What I want to talk about is epistemology. Epistemology is all about how we know stuff. Religion and science have historically been at odds on this issue. Religion claims that truth comes from divine revelation while science says that truth comes from observation.
We can thus imagine the following conversation:
S: prove to me that God exists.
R: The Bible tells me so.
S: that does not count as evidence.
R: it does.
S: evidence is based on science and reason and observation. Provide me proof from any of those things.
R: Science changes. The only unchanging truth is from God. You must accept his testimony as evidence.
S: Religion is based on individual interpretation.
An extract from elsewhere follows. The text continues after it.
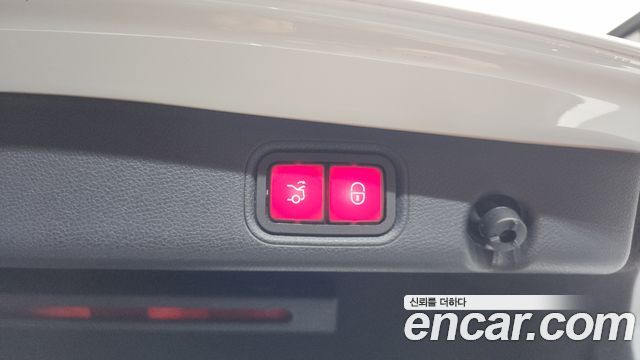 Mercedes-Benz E-Class E300 4MATIC Exclusive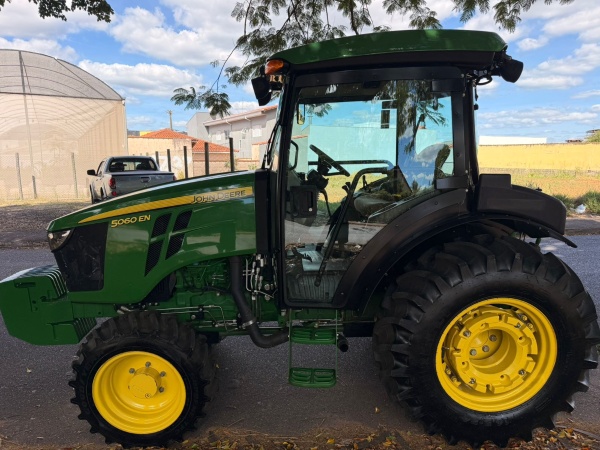Trator John Deere 5060E ano 2025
Provide evidence that is objective.
The problem here is not “what is true?” but “how do we know truth?” The conflict between religion and science is at its core very much about how we know truth, not who has better or more evidence.
I say all this because at times we can feel frustrated in talking with our friends and colleagues because our source of truth and theirs does not match up. As scientists, when we disagree with other scientists we know what kind of evidence will be compelling to both sides. We can run a study, or cite from the literature and resolve the disagreement. Similarly, in church, if we disagree with someone we know where to turn for evidence. We can open our Bible, or reference a respected theologian to support us. The tough times though are when we disagree with someone who doesn’t look to the same place for authority on the issue at hand.
There is much more to say on this topic, but I will stop there for now.